Every record below should be printed exactly as given.
= = = =
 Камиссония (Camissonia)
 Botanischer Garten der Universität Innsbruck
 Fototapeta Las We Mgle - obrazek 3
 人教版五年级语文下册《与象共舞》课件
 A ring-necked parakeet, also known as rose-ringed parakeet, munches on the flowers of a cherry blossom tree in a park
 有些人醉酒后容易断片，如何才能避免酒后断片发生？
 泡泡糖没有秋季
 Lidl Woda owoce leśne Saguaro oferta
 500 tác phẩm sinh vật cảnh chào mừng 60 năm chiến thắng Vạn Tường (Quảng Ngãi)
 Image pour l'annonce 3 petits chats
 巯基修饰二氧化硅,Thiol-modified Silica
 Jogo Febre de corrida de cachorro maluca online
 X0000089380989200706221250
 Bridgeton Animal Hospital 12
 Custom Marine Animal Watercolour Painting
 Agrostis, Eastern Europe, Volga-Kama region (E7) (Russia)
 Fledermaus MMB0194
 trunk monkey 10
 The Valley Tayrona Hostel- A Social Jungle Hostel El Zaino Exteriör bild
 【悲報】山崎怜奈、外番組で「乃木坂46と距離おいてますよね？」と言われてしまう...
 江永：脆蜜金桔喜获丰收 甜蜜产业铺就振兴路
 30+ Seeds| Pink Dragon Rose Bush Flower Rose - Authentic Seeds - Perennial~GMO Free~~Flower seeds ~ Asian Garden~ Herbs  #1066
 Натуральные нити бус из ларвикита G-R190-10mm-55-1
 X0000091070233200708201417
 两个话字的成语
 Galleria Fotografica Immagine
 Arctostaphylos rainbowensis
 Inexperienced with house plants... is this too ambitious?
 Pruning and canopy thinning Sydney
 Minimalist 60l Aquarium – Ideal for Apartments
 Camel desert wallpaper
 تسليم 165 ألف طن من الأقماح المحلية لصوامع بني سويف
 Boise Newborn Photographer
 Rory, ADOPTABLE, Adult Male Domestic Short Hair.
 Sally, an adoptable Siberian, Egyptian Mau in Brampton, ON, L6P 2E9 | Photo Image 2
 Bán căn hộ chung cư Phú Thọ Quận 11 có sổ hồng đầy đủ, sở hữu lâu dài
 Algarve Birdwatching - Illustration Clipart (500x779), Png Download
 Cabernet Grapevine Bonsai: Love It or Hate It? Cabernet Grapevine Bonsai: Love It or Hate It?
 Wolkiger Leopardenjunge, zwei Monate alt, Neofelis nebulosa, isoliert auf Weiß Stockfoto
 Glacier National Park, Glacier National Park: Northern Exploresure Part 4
= = = =
Response for this exercise:
 Камиссония (Camissonia)
 Botanischer Garten der Universität Innsbruck
 Fototapeta Las We Mgle - obrazek 3
 人教版五年级语文下册《与象共舞》课件
 A ring-necked parakeet, also known as rose-ringed parakeet, munches on the flowers of a cherry blossom tree in a park
 有些人醉酒后容易断片，如何才能避免酒后断片发生？
 泡泡糖没有秋季
 Lidl Woda owoce leśne Saguaro oferta
 500 tác phẩm sinh vật cảnh chào mừng 60 năm chiến thắng Vạn Tường (Quảng Ngãi)
 Image pour l'annonce 3 petits chats
 巯基修饰二氧化硅,Thiol-modified Silica
 Jogo Febre de corrida de cachorro maluca online
 X0000089380989200706221250
 Bridgeton Animal Hospital 12
 Custom Marine Animal Watercolour Painting
 Agrostis, Eastern Europe, Volga-Kama region (E7) (Russia)
 Fledermaus MMB0194
 trunk monkey 10
 The Valley Tayrona Hostel- A Social Jungle Hostel El Zaino Exteriör bild
 【悲報】山崎怜奈、外番組で「乃木坂46と距離おいてますよね？」と言われてしまう...
 江永：脆蜜金桔喜获丰收 甜蜜产业铺就振兴路
 30+ Seeds| Pink Dragon Rose Bush Flower Rose - Authentic Seeds - Perennial~GMO Free~~Flower seeds ~ Asian Garden~ Herbs  #1066
 Натуральные нити бус из ларвикита G-R190-10mm-55-1
 X0000091070233200708201417
 两个话字的成语
 Galleria Fotografica Immagine
 Arctostaphylos rainbowensis
 Inexperienced with house plants... is this too ambitious?
 Pruning and canopy thinning Sydney
 Minimalist 60l Aquarium – Ideal for Apartments
 Camel desert wallpaper
 تسليم 165 ألف طن من الأقماح المحلية لصوامع بني سويف
 Boise Newborn Photographer
 Rory, ADOPTABLE, Adult Male Domestic Short Hair.
 Sally, an adoptable Siberian, Egyptian Mau in Brampton, ON, L6P 2E9 | Photo Image 2
 Bán căn hộ chung cư Phú Thọ Quận 11 có sổ hồng đầy đủ, sở hữu lâu dài
 Algarve Birdwatching - Illustration Clipart (500x779), Png Download
 Cabernet Grapevine Bonsai: Love It or Hate It? Cabernet Grapevine Bonsai: Love It or Hate It?
 Wolkiger Leopardenjunge, zwei Monate alt, Neofelis nebulosa, isoliert auf Weiß Stockfoto
 Glacier National Park, Glacier National Park: Northern Exploresure Part 4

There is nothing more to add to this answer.